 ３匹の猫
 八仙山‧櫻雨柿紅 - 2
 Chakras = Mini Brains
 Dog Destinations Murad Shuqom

=-=-=

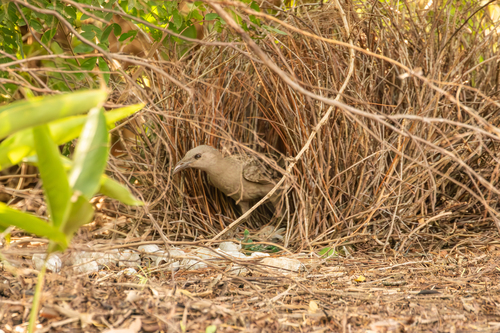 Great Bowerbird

=-=-=

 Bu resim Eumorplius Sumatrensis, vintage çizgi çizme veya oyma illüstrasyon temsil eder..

=-=-=

— REQUIRED WORK —
Take the listing above and repeat exactly the lines from the one containing "Chakras = Mini Brains" through the one containing "Dog Destinations Murad Shuqom", both included.

— TASK ANSWER —
 Chakras = Mini Brains
 Dog Destinations Murad Shuqom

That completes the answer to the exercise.